### DATA TO USE
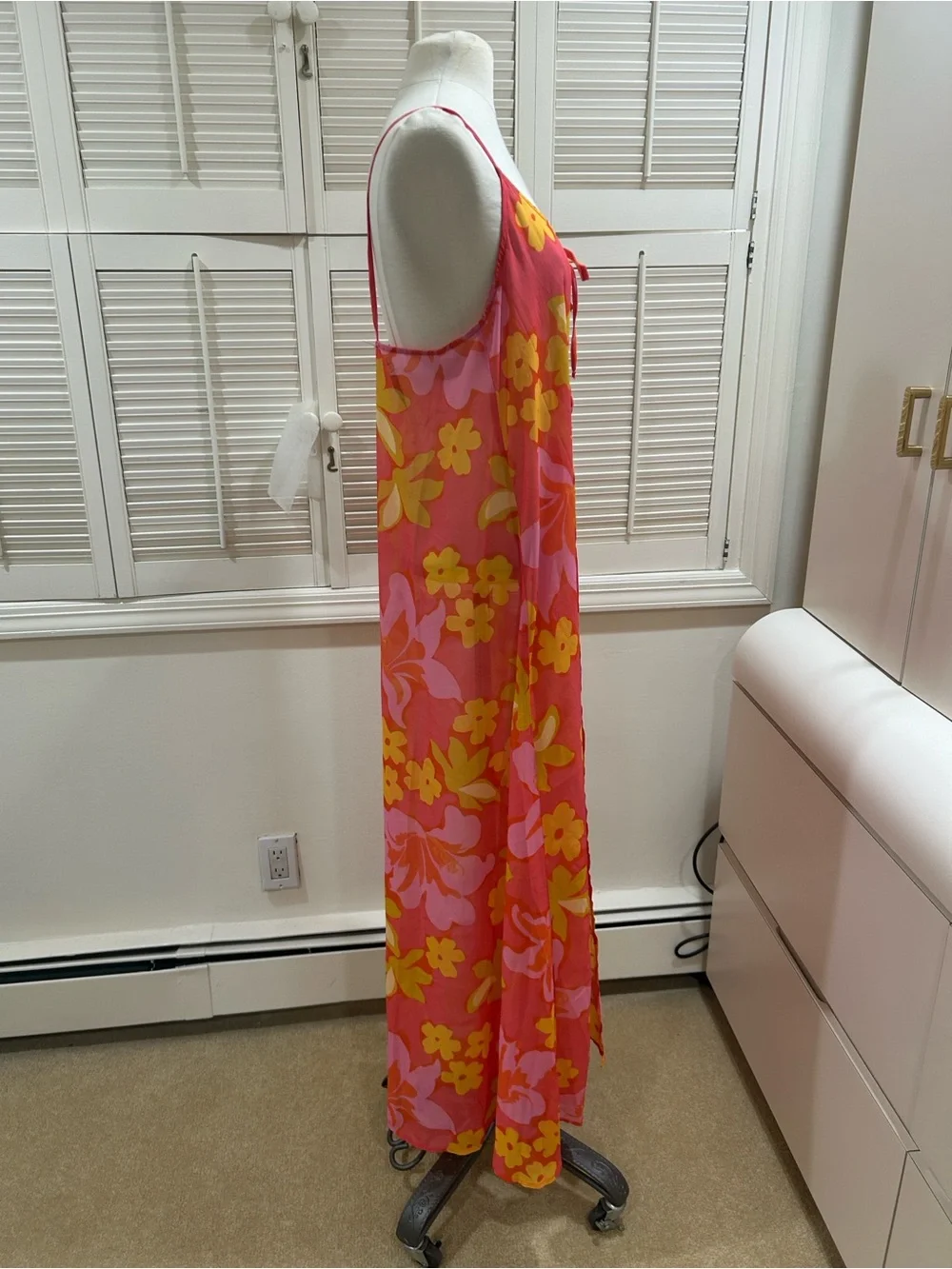 New Beach Riot Pink & Yellow Floral Cover Up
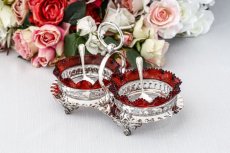 画像3: ヴィンテージシルバー シルバープレート　1930年前後　ペインテッドグラス　ダブルジャムディッシュ (3)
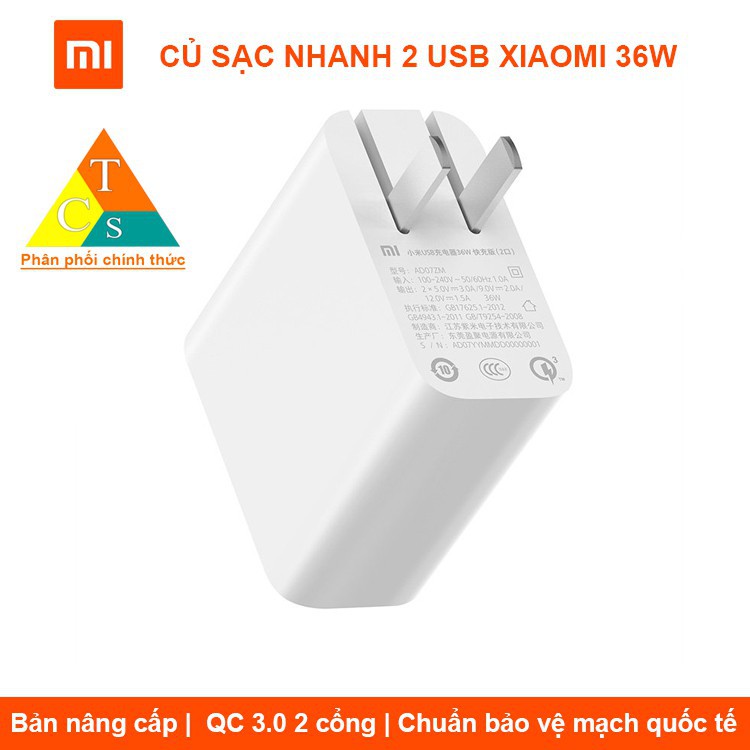 Củ sạc nhanh 2 cổng 36w xiaomi | BH 7 ngày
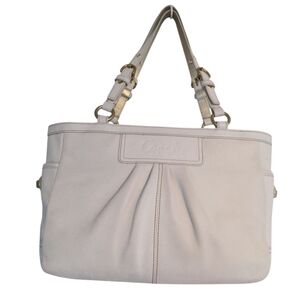 Coach East West Gallery F13759 White Gold Hardware Leather Bag Pleated Purse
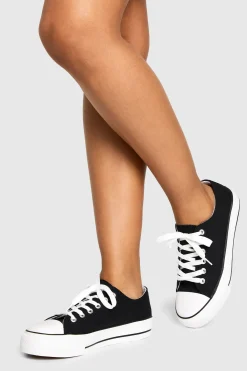 boohoo Baskets basses à plateforme à lacets< Satin Et Dentelle|Baskets
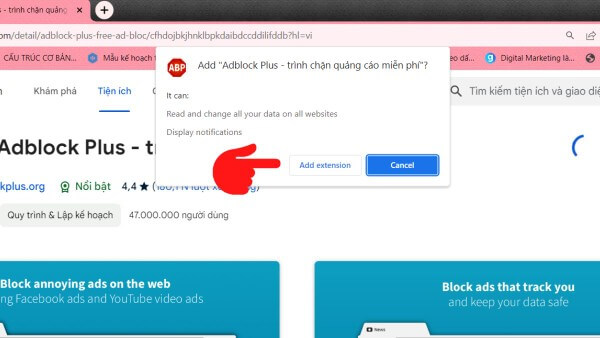 Chọn “Add extension” 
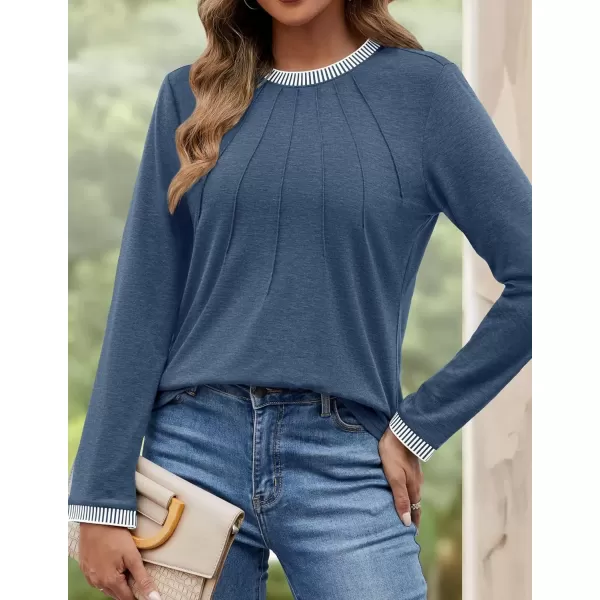 imageZESICA Long Sleeve Shirts for Women Striped Color Block Crewneck Tshirts 2024 Fall Pleated Trendy TopsDustyblue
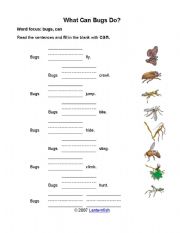 English Worksheet: What bugs can do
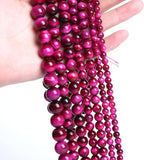 32PCS 12mm AAA Natural Rose Red Tiger Eye Agate Stone Round Loose Beads for Jewelry Making Semi-Precious Beads DIY Bracelet Necklace (Rose Red Tiger Eye Stone, 12mm)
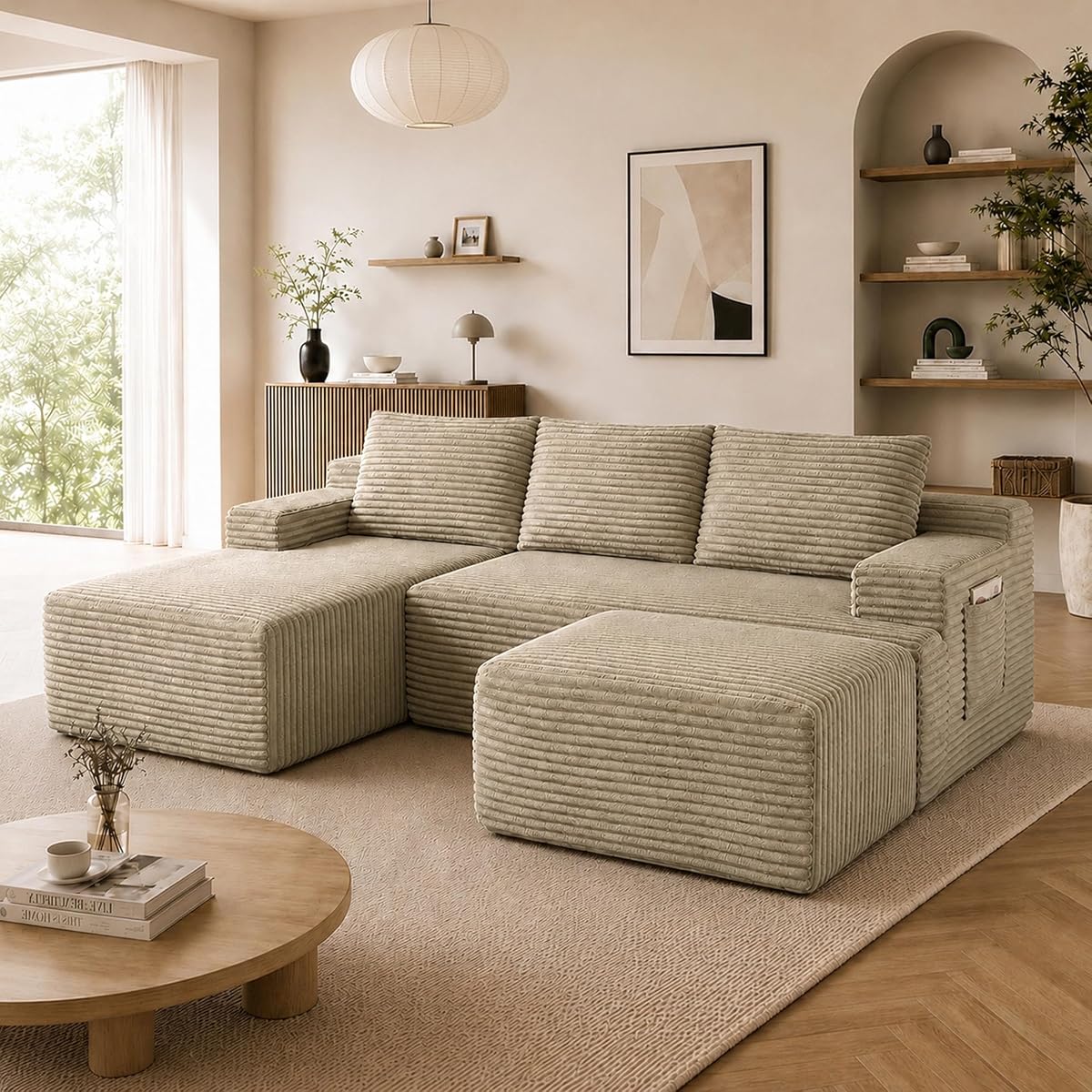 Boneless Couch, Modular Sectional Couches for Living Room, U-Shaped Cloud Couch Sofa with Deep Seat, Fluffy Corduroy Upholstered Corner Sofa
######
## WORK TO COMPLETE
Everything above should be given again exactly, apart from the pictures.

## OUTPUT BELOW
 New Beach Riot Pink & Yellow Floral Cover Up
 画像3: ヴィンテージシルバー シルバープレート　1930年前後　ペインテッドグラス　ダブルジャムディッシュ (3)
 Củ sạc nhanh 2 cổng 36w xiaomi | BH 7 ngày
 Coach East West Gallery F13759 White Gold Hardware Leather Bag Pleated Purse
 boohoo Baskets basses à plateforme à lacets< Satin Et Dentelle|Baskets
 Chọn “Add extension” 
 imageZESICA Long Sleeve Shirts for Women Striped Color Block Crewneck Tshirts 2024 Fall Pleated Trendy TopsDustyblue
 English Worksheet: What bugs can do
 32PCS 12mm AAA Natural Rose Red Tiger Eye Agate Stone Round Loose Beads for Jewelry Making Semi-Precious Beads DIY Bracelet Necklace (Rose Red Tiger Eye Stone, 12mm)
 Boneless Couch, Modular Sectional Couches for Living Room, U-Shaped Cloud Couch Sofa with Deep Seat, Fluffy Corduroy Upholstered Corner Sofa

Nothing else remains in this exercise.